Supreme Court Slaps 9th Circuit for ‘Inexplicable’ Decision in Batson Challenge
The U.S. Supreme Court has reversed the 9th U.S. Circuit Court of Appeals in a per curiam decision that hits the San Francisco appellate court for an “inexplicable” three-paragraph decision finding that a prosecutor wrongfully dismissed two blacks from the jury panel.
The Supreme Court ruled (PDF) in Felkner v. Jackson, an appeal of a criminal conviction stemming from the defendant’s attack on a 72-year-old woman in his apartment building. The defendant, Steven Frank Jackson, had claimed the prosecutor improperly used his peremptory challenges to strike two black jurors from the panel, violating the bar on race-based dismissals established in Batson v. Kentucky.

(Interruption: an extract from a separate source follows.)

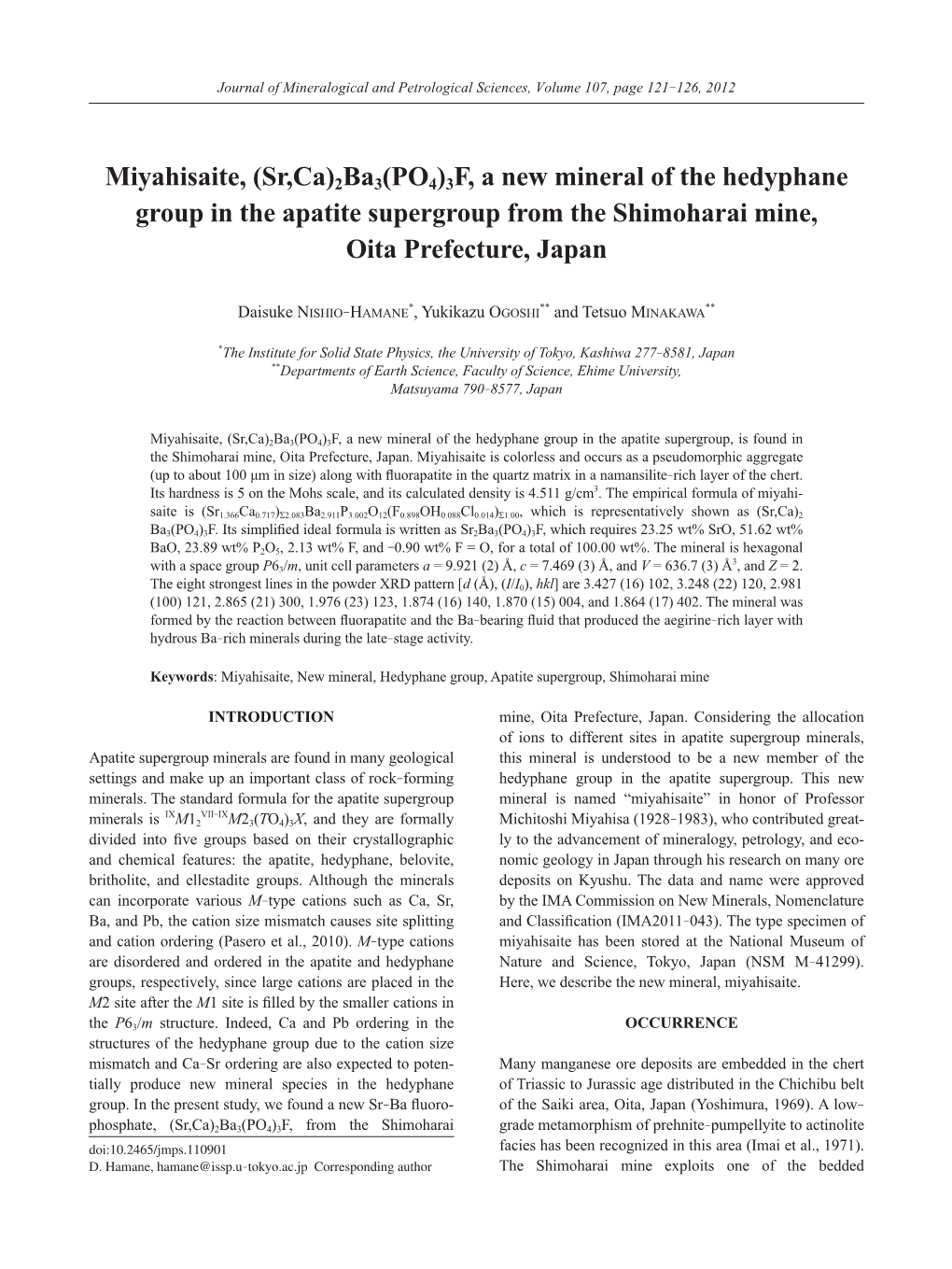 (Sr,Ca)2Ba3(PO4)3F, a New Mineral of the Hedyphane Group in the Apatite Supergroup from the Shimoharai Mine, Oita Prefecture, Japan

One of the dismissed black jurors had said he believed California police officers had frequently stopped his car because of his race and young age. The other was a social worker who had interned at the county jail. The prosecutor said he feared the first juror may still harbor police animosity and he struck the second because he does not “like to keep social workers.” A third black member of the panel was seated as a juror.
A California appeals court and a federal district court sided with the state. The 9th Circuit reversed in a three-paragraph unpublished memorandum opinion that found the prosecutor’s explanation was not sufficient, given that “the record reflected different treatment of comparably situated jurors.”
The U.S. Supreme Court found that explanation was lacking. The 9th Circuit failed to discuss specific facts or to even mention the reasoning of the courts that rejected Jackson’s claim, the Supreme Court said.
The decision “is as inexplicable as it is unexplained,” the Supreme Court said. “It is reversed.”
The decision by the California appeals court was “plainly not unreasonable,” the Supreme Court said. “There was simply no basis for the 9th Circuit to reach the opposite conclusion, particularly in such a dismissive manner.”